Spotify released an API that reports the audio features of its songs, such as “tempo” or “energy”. Here, we will use these features of 50k randomly picked songs to predict the genre that the song belongs to.
The original dataset is contained in the file dataSet/musicData.csv. In this file, the first row represents the column headers. Each row after that represents data from one song.
The columns represent, in order (from left to right):
Column 1: unique Spotify ID of each song
Column 2: artist name
Column 3: song name
Column 4: popularity of the music (what percentage of users know about it, from 0 to 99%)
Column 5: acousticness (an audio feature) on a scale from 0 to 1
Column 6: danceability (an audio feature) on a scale from 0 to 1
Column 7: the duration of the music (in milliseconds)
Column 8: energy (an auditory feature) on a scale from 0 to 1
Column 9: instrumentality (an audio feature) on a scale from 0 to 1
Column 10: key of the song (in musical notation)
Column 11: liveness (an audio feature) on a scale from 0 to 1
Column 12: loudness (in dB relative to some threshold)
Column 13: mode of the song (musical)
Column 14: speechiness (an audio feature), on a scale from 0 to 1
Column 15: tempo (in beats)
Column 16: obtained date (when was this information obtained from Spotify)
Column 17: valence (an audio feature), on a scale from 0 to 1
Column 18: Genre of the song (there are 10 different genres, e.g. “Rock” or “Country”)
- There is randomly missing data, e.g. some of the durations of some of the songs are missing, as well as some of the auditory feature values. There are not many missing values, but you have to handle them somehow, either by imputation or by removing the missing data in some reasonable way.
- The acoustic features are unlikely to be normally distributed.
- Some of the data is provided in string format, e.g. the key. This will need to be transformed into numerical data to be useful.
- Some of the data is provided in categorical format, e.g. mode. This will need to be dummy coded.
- The category labels of the genres will need to be transformed into numerical labels.
- As this is a multi-class classification (not just binary), you need to be careful – only if the predicted classification of a genre in the test set matches the actual genre of a song is the classification correct.
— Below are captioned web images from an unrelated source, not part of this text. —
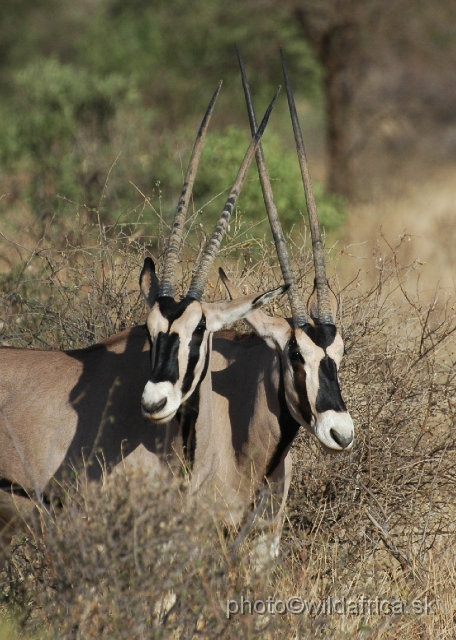 DSC_0024.JPG - Beisa Oryx (Oryx gazella beisa)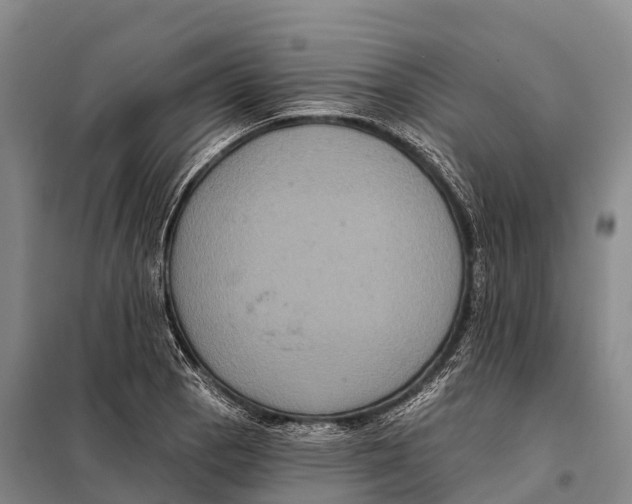 X0000098011129200804251108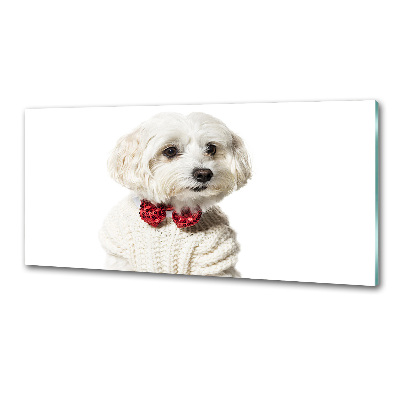 Cooker splashback Maltese in a bow tie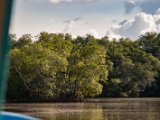 IMG 8112 : 2017, Costa Rica, Mangroven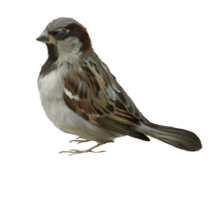 animals & sparrow free transparent png image.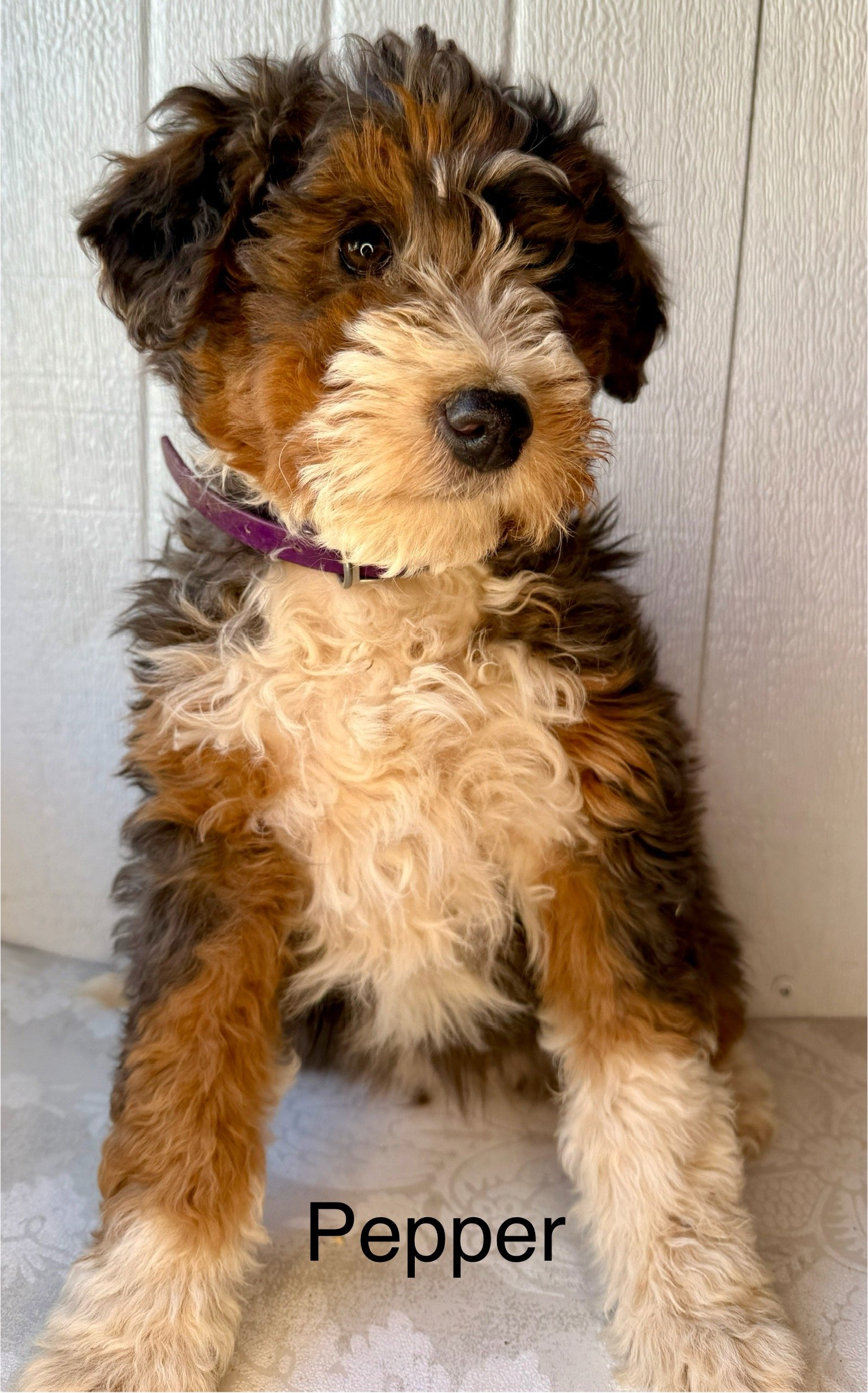(SOLD) Pepper - Female - Purple Collar - $895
In other words, there are many more ways to be wrong than to be right.
- Make sure not to normalize categorical values (like mode) for the purposes of doing dimensionality reduction.
- There might be information in the linguistic properties of artist and song, but you don’t have to include that you in your model.
Structure of the project
.
├── capstone_data_cleaning.ipynb (1)
├── capstone_dimension_reduction.ipynb (2)
├── classifications
│ ├── capstone_classification_lda_ds.ipynb (3)
│ └── reducedDataSets
│ ├── lda_training.csv (4)
│ ├── lda_x_testing.csv (5)
│ └── lda_y_testing.csv (6)
├── dataSet
│ └── musicData.csv (7)
├── LICENSE
├── poetry.lock
├── processed_dataset.csv (8)
├── project_spec_sheet.pdf
├── pyproject.toml
└── README.md| Number | File Name | Description |
|---|---|---|
| 1 | capstone_data_cleaning.ipynb |
code for cleaning the dataset. |
| 2 | capstone_dimension_reduction.ipynb |
code for dimensionality reduction. |
| 3 | classifications/capstone_classification_lda_ds.ipynb |
code for classification using the LDA dataset. |
| 4 | classifications/reducedDataSets/lda_training.csv |
reduced dataset containing LDA components. |
| 5 | classifications/reducedDataSets/lda_x_testing.csv |
reduced dataset using the LDA method. |
| 6 | classifications/reducedDataSets/lda_y_testing.csv |
reduced dataset using the PCA method. |
| 7 | dataSet/musicData.csv |
this is the original dataset. |
| 8 | processed_dataset.csv |
this is the dataset I got after cleaning the original one. |